LIEUTENANT-COLONEL ALEXANDER BLISS, of General WALLACE'S staff in Maryland, has prepared a unique and most valuable contribution to the Sanitary Fair which is to open in Baltimore upon the 19th of April, a day of tragical interest in the history of the city. He has obtained manuscripts of ninety American authors, including all the most distinguished, living or dead, each manuscript the autograph copy of some famous poem, or page from some noted work of the author. These have all been lithographed in facsimile, so as to reproduce the originals perfectly. The originals are to be bound in a volume and sold, either by raffle or otherwise (for they are no more religious in Baltimore than in Boston), and there is to be an edition of the facsimiles for sale, bound in the same exquisite style, with TICKNOR'S Life of Prescott. The book will be called " Autograph Leaves of Our Country's Authors," and will have a neat introduction by JOHN P. KENNEDY, author of " Horse-Shoe Robinson," and one of the stanchest of Maryland patriots, of course in facsimile autograph. The two opening autographs of the volume, after the preface, are KEYES'S Star-Spangled Banner and President LINCOLN'S speech at Gettysburg, the most perfect piece of American eloquence, and as noble and pathetic and appropriate as the oration of PERICLES over the Peloponnesian dead. The last piece in the volume is the autograph of " Home, sweet Home !"

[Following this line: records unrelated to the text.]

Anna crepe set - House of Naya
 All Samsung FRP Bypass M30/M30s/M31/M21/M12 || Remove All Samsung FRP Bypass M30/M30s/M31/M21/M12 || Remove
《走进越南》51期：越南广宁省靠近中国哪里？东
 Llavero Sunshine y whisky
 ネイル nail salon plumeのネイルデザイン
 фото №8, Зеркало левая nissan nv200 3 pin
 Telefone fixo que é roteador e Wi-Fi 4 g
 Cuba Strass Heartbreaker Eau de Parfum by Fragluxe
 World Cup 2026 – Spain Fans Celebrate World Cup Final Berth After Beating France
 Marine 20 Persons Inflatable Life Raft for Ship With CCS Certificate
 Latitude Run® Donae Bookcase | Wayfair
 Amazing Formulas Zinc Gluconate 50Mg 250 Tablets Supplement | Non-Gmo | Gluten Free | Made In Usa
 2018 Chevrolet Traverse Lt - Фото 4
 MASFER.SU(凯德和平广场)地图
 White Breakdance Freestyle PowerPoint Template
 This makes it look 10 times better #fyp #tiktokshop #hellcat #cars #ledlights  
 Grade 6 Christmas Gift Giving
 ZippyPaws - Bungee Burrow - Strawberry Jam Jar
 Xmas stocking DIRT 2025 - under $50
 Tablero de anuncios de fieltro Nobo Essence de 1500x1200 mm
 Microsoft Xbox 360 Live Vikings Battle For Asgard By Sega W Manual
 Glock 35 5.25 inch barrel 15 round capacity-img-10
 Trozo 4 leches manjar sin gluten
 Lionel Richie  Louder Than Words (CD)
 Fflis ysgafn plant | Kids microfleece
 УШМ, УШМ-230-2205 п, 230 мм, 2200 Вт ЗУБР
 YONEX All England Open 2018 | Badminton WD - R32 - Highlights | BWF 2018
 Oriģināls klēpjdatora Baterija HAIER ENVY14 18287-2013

Among the other autographs which we remember from a cursory glance, are a page of the Life of Washington by WASHINGTON IRVING; some pages of the Bravo by COOPER; the character of William the Silent by MOTLEY ; a letter of PRESCOTT'S; the Excelsior by LONGFELLOW; 'Zekle's Wooing by LOWELL ; the Army Hymn by HOLMES; The Mariners by BAYARD TAYLOR; the passage describing sunrise from the Dudley Observatory Oration by EDWARD EVERETT; Rosalie, a poem by WASHINGTON ALSTON; a page of Dr. CHANNING'S; Thy will be done, by WHITTIER; a charming poem by Mrs. H. B. STOWE; some pages from One of the Twice-Told Tales by HAWTHORNE ; a translation from the Spanish by GEORGE TICKNOR. These are but a dozen from the host. There could not well be a more interesting book, and Colonel BLISS has done us all a favor by the happy thought of multiplying it. Whoever wishes to secure a copy, to have his cake and to eat it, may send his name and address to CUSHINGS & BAILEY, or to Lieutenant-Colonel ALEXANDER BLISS, Baltimore.


THE death of Mrs. KIRKLAND is a loss even to those who did not personally know her, and who had never read her books ; for so strong, sweet, and cheerful a nature is an elevating and purifying public influence. We are all better for the lives of such persons, as the air is clearer and more inspiring around us because of the steady winds that blow elsewhere. Her ample sympathy, her remarkable sagacity, her moral intrepidity, her fine sense, and exquisite tact, blended with the most feminine loveliness, made her a power in our society and time, and we shall all be the poorer now that she is gone. And yet a great, generous nature like hers impresses itself so deeply upon all who are brought into personal contact with it that it destroys the idea of death. It interprets the phrase, " Though dead, he yet speaketh." Richly gifted in character as in mind there is a completeness in Mrs. KIRKLAND'S career which, although her life ended so suddenly, will always prevent its seeming to be a fragment. Steady and faithful, ready for every moment and every duty of life, whenever death may strike, such souls are equally ready, and life ends harmoniously. Almost until midnight she was busy with heart and hand in devotion to the work by which this nation is to be saved and mankind helped forward, the work of the war, and with her hands, as it were, still lifted, she passes forward out of sight. Her work in this world was truly prayer. Her life was a benefit. Her memory is an inspiration. Early and always about her Father's business, what new meaning the old words have, as we think of her, "Blessed are the dead who die in the Lord!"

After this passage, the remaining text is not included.